Blood transfusions and blood products

Some countries do not routinely test blood donors for hepatitis C. So if you’ve had a blood transfusion or a blood product back home, you may have been exposed to the virus. You may also be at risk, if you have had an organ or tissue transplant back home.

If you acquired hepatitis C from a blood transfusion or a blood product in the UK before safety measures were in place, improved financial support has recently been announced.

Unsterile razors in barber’s shops

Barbers in South Asian countries may use the same razor for shaving or for cutting different customers’ hair without sterilising it in between use. This is another way hepatitis C can be passed on.

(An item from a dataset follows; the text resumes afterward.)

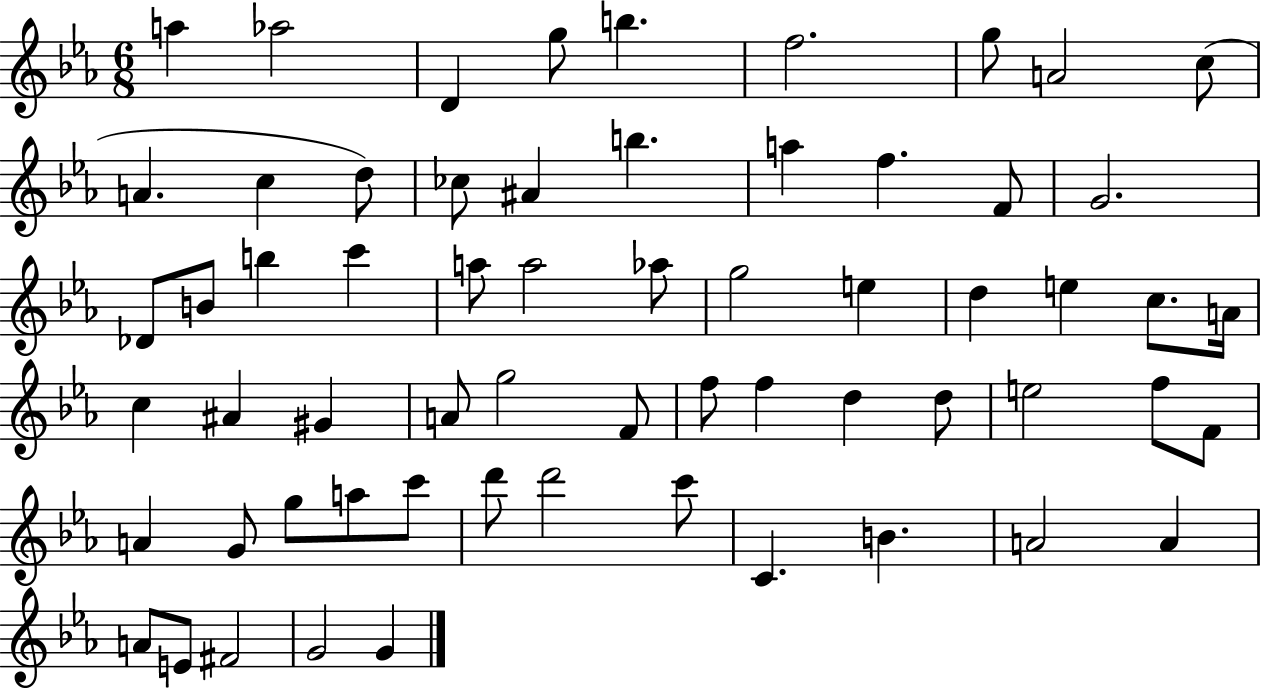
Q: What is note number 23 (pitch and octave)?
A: C6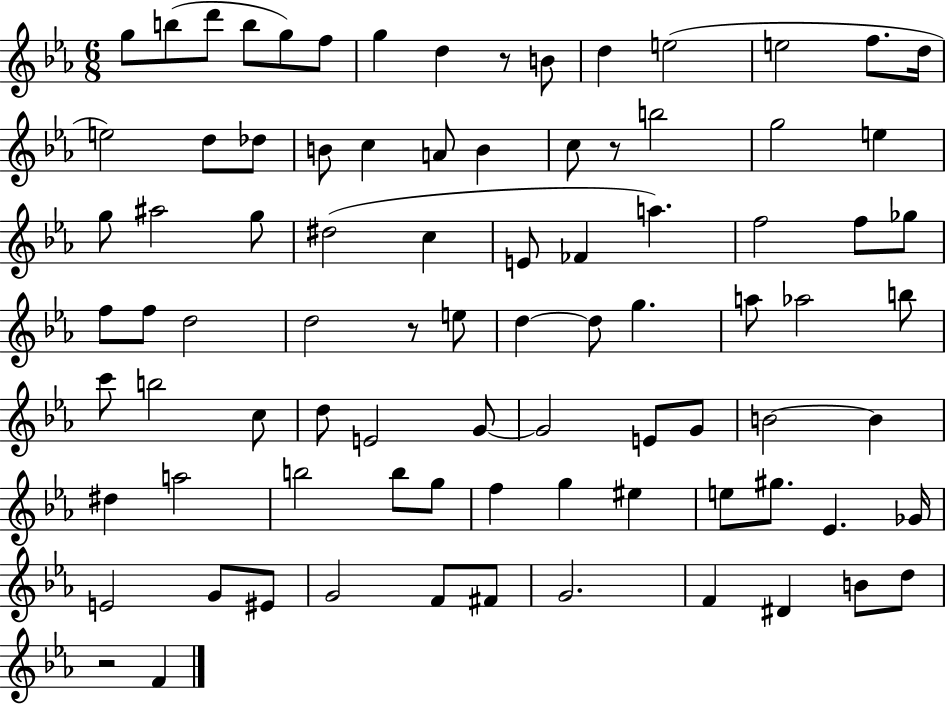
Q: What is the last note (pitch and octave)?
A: F4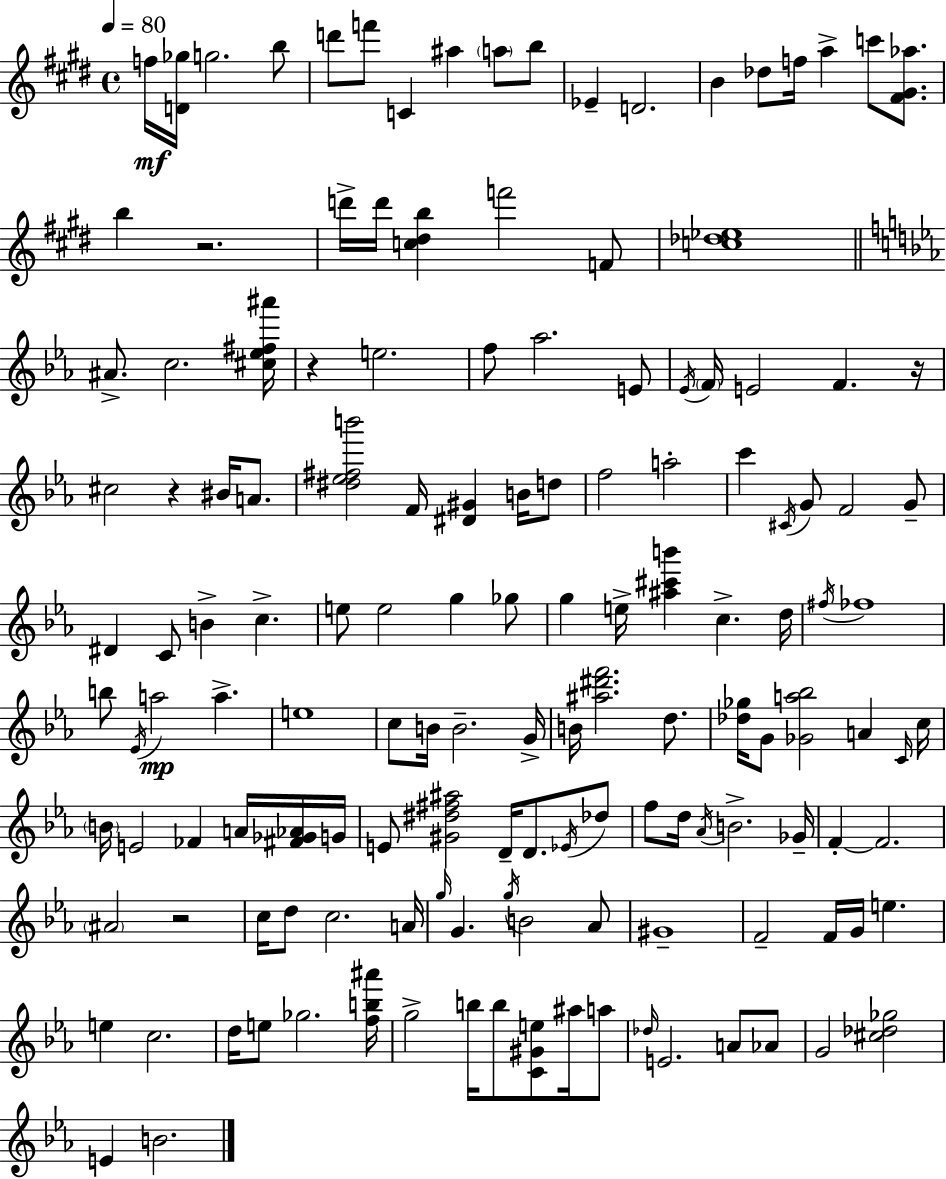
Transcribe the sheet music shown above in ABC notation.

Piercings using unsterile equipment

Having an ear piercing, a body piercing, a tattoo or acupuncture with equipment that is not sterile could have exposed you to the virus.

Sharing toothbrushes and razors

Remember sharing a toothbrush or a shaving razor back home? If there’s a chance they were also used by someone with hepatitis C you may have been exposed to it.

Other ways the virus is passed on:

  • From a mother with hepatitis C to her baby, before or during the birth
  • Through unprotected sex (without a condom) with someone who has the virus
  • By sharing equipment for injecting drugs, even if you only did this once or twice a long time ago

‘Non-A, non-B’ hepatitis

Hepatitis C was only discovered in 1989, so before then some people who have hepatitis C may have been given a diagnosis of non-A, non-B hepatitis. If you have been diagnosed with non-A, non-B hepatitis you should get tested for hepatitis C, if you haven’t already been.